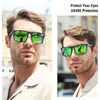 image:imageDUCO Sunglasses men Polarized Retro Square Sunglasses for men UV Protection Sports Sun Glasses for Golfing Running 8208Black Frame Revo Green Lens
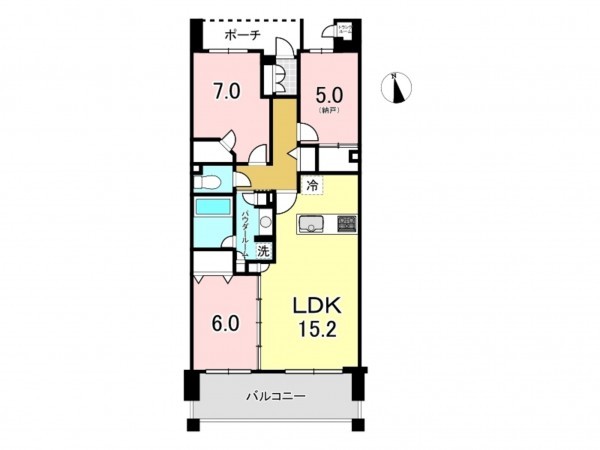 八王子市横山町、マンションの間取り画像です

==

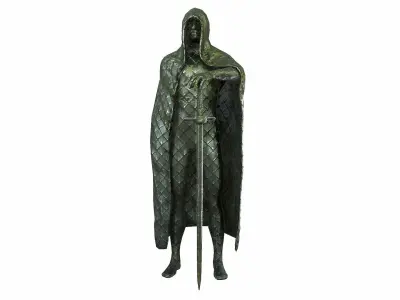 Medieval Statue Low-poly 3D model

#### Requirement
Give again, exactly as written above, every line from the one holding "image:imageDUCO Sunglasses men" to the one holding "八王子市横山町、マンションの間取り画像です", with both ends kept and the pictures left out.

#### Written answer
 image:imageDUCO Sunglasses men Polarized Retro Square Sunglasses for men UV Protection Sports Sun Glasses for Golfing Running 8208Black Frame Revo Green Lens
 八王子市横山町、マンションの間取り画像です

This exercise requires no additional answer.